VATICAN (CNS): “Each of us, men and women of this time—each person—is called to make peace happen each day and in every place we live, taking by the hand those brothers and sisters who need a comforting word, a tender gesture, supportive help,” Pope Francis said on January 1 as the Church marked World Peace Day.
“This is a task God gives us; the Lord gives us the task of being peacemakers,” the pope stressed.
Reciting the Angelus from the library of the Apostolic Palace, the pope made no mention of the sciatica pain that had forced him to miss an evening prayer service on 31 December 2020 and the morning Mass on January 1 for the feast of Mary, Mother of God.
With Italy on a severe lockdown to slow the spread of the Covid-19 coronavirus (SARS-CoV-2) pandemic over the holidays and with rain falling on a mostly empty St. Peter’s Square, the pope livestreamed his address and prayer from inside the library.
He offered prayers for the people of war-torn Yemen, especially the nation’s children left without education and often without food by years of civil war.
Highlighting the connection between the feast of Mary, Mother of God, and World Peace Day, Pope Francis prayed that Mary, “who gave birth to the Prince of Peace and cuddled him with such tenderness in her arms, obtain for us from heaven the precious gift of peace, which cannot be fully pursued with human strength alone.”
“Human efforts alone are not enough,” saying, “because peace is above all a gift—a gift from God to be implored with incessant prayer, sustained with patient and respectful dialogue, constructed with an open collaboration with truth and justice and always attentive to the legitimate aspirations of individuals and peoples.”
He reiterated that, “Human efforts alone are not enough,” saying, “because peace is above all a gift—a gift from God to be implored with incessant prayer, sustained with patient and respectful dialogue, constructed with an open collaboration with truth and justice and always attentive to the legitimate aspirations of individuals and peoples.”
Peace, he insisted, is a gift that requires a human response and human effort.
Pope Francis prayed that 2021 would be a time of “human and spiritual growth, that it be a time in which hatred and divisions—and they are many—are resolved, that it be a time to build and not to destroy, to take care of each other and of creation.”
The past year, with so much suffering and death because of Covid-19, “taught us how much it is necessary to take an interest in others’ problems and to share their concerns,” he said.
One place that should raise particular concern and many prayers, he said, is Yemen where 25 people were killed and more than 100 injured on December 30 when a bomb exploded at the airport in Aden as members of the country’s new cabinet were arriving.

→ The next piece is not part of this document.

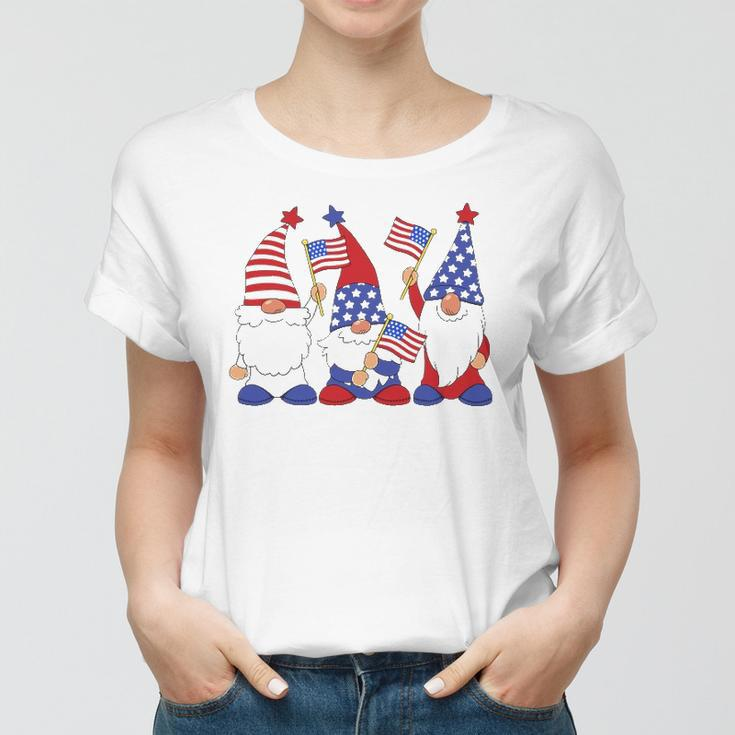 4Th Of July 2022 Patriotic Gnomes Funny American Usa Women T-shirt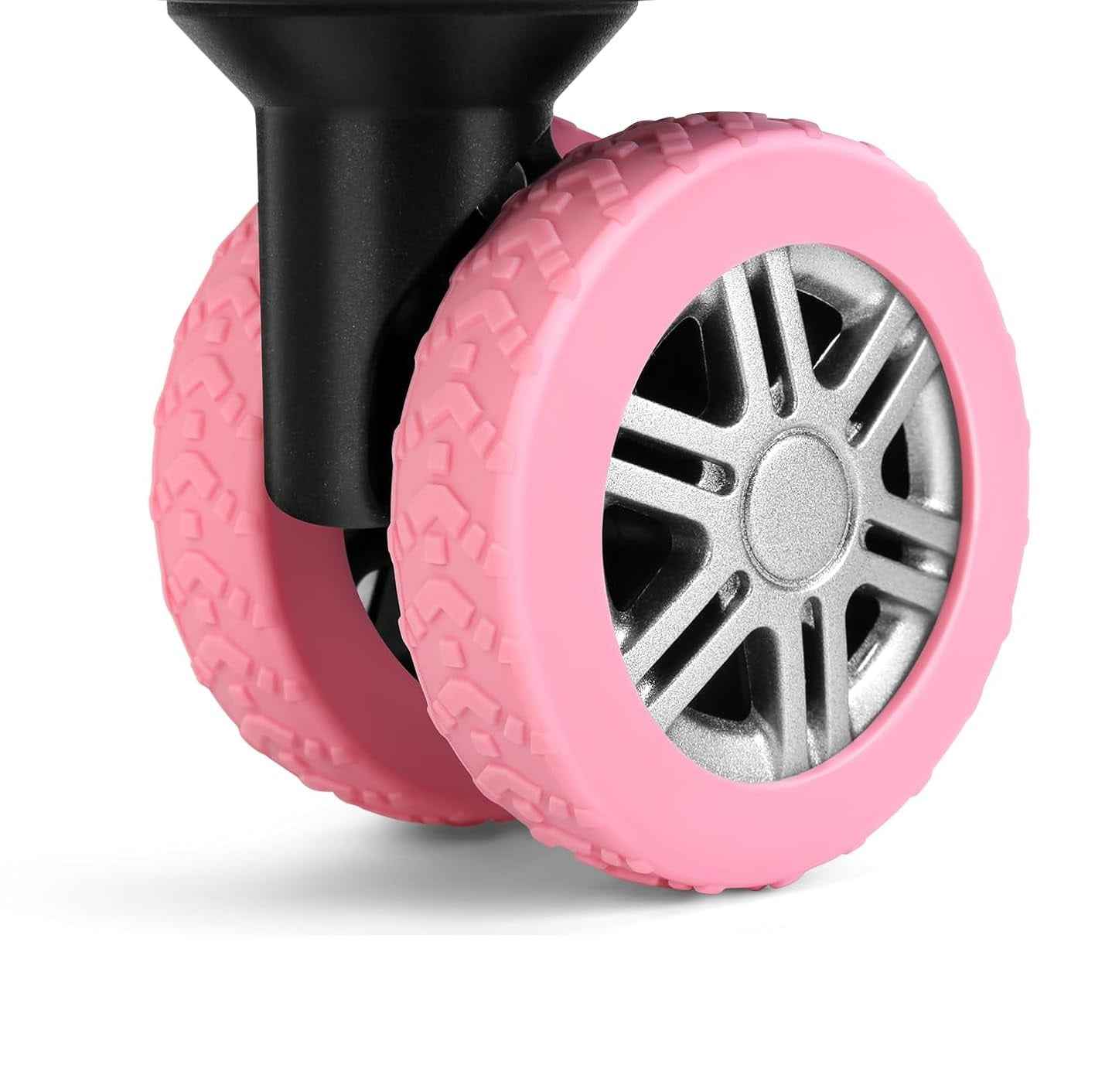 Silicone Suitcase Luggage Wheel Covers Protectors 8 Pack Pink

After nine years of war in the country, Pope Francis prayed for “peace for that martyred population.”
He said, “Brothers and sisters, think about the children of Yemen! They are without education, without medicine, starving. Let us pray for Yemen.”
Pope Francis also led prayers for Auxiliary Bishop Moses Chikwe of Owerri, Nigeria, and his driver, Robert Ndubuisi, who were kidnapped on December 27, but released by their abductors on January 1.
Archbishop John Obinna of Owerri said when he visited Bishop Chikwe he was “looking and feeling very weak from the traumatic experience.” He said the driver had been taken to the hospital for treatment of a deep cut to his hand, received from the kidnappers.
Bishop Chikwe is the first Catholic bishop to be kidnapped in Nigeria since the Boko Haram insurgency began in 2009.